_Supplied material_.
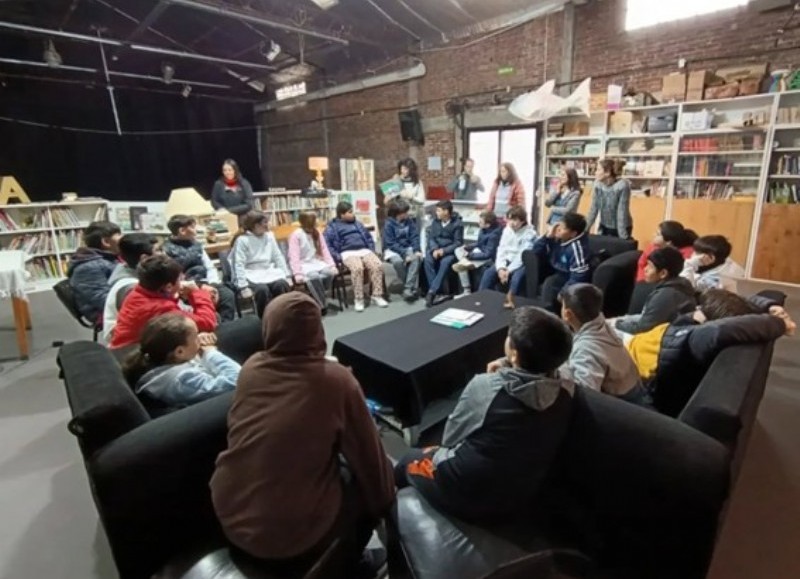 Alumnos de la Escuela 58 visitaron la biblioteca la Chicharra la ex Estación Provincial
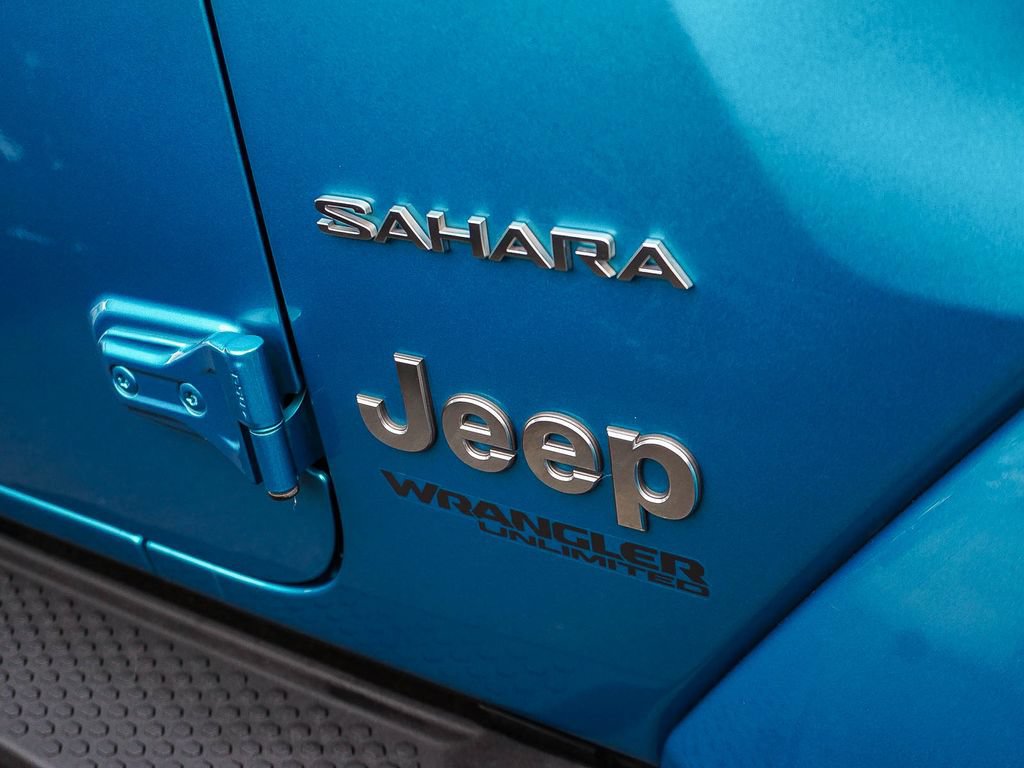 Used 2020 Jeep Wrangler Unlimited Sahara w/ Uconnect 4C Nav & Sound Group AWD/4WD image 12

--

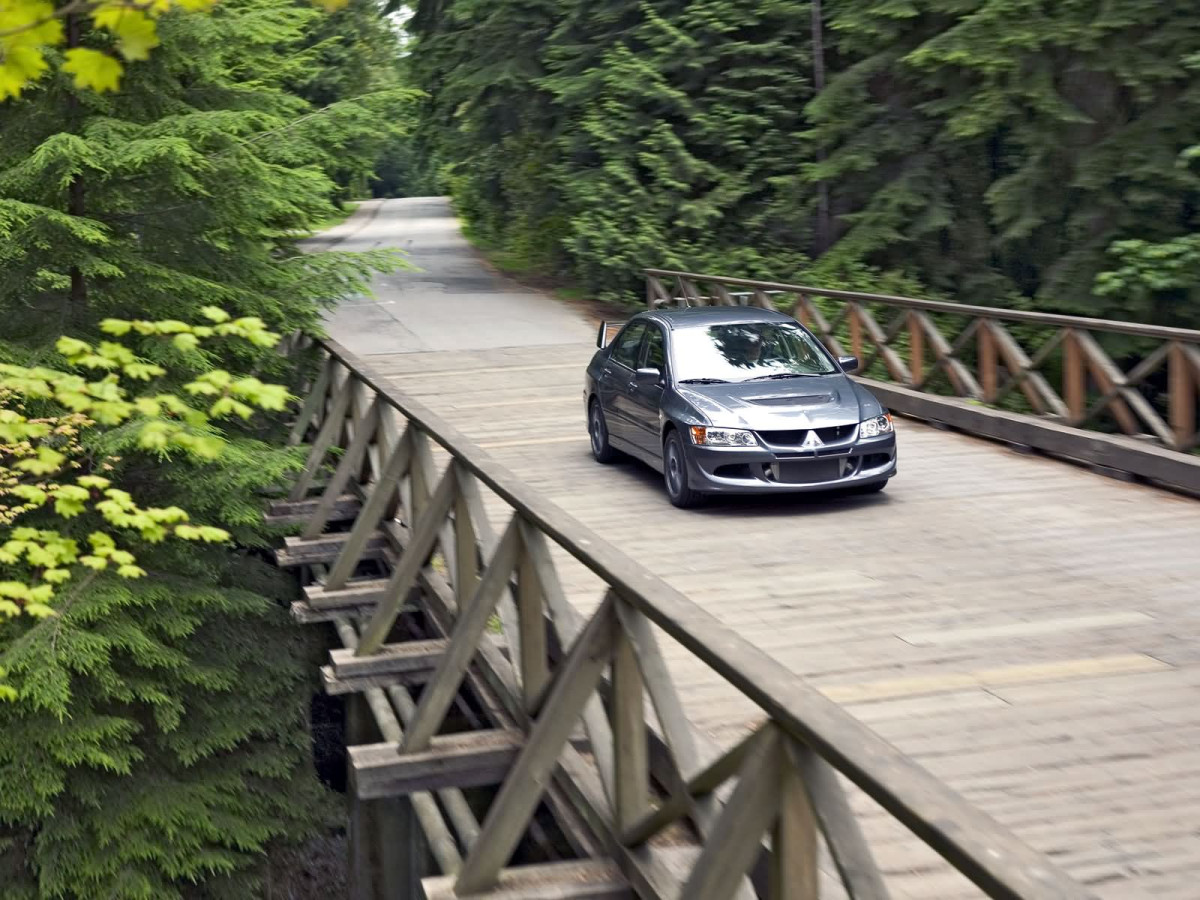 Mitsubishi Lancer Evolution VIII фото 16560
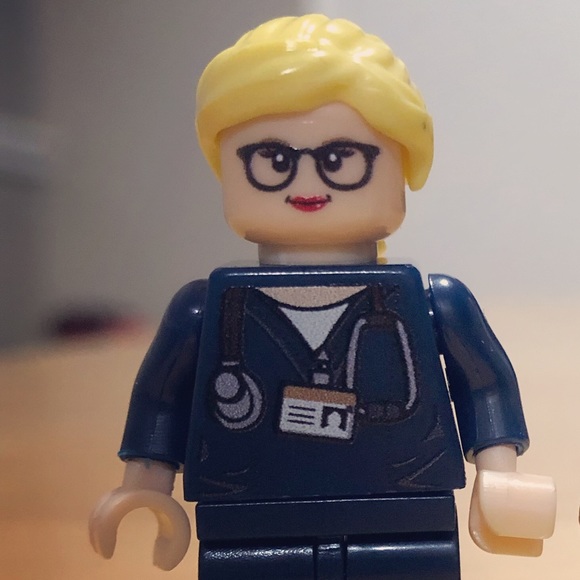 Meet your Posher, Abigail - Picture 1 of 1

_Aim of the task_. Within the entries above, give again exactly the lines starting at the one that contains "Mitsubishi Lancer Evolution VIII фото 16560" and ending at the one that contains "Meet your Posher, Abigail - Picture 1 of 1", leaving out the pictures.

_Response area_.
 Mitsubishi Lancer Evolution VIII фото 16560
 Meet your Posher, Abigail - Picture 1 of 1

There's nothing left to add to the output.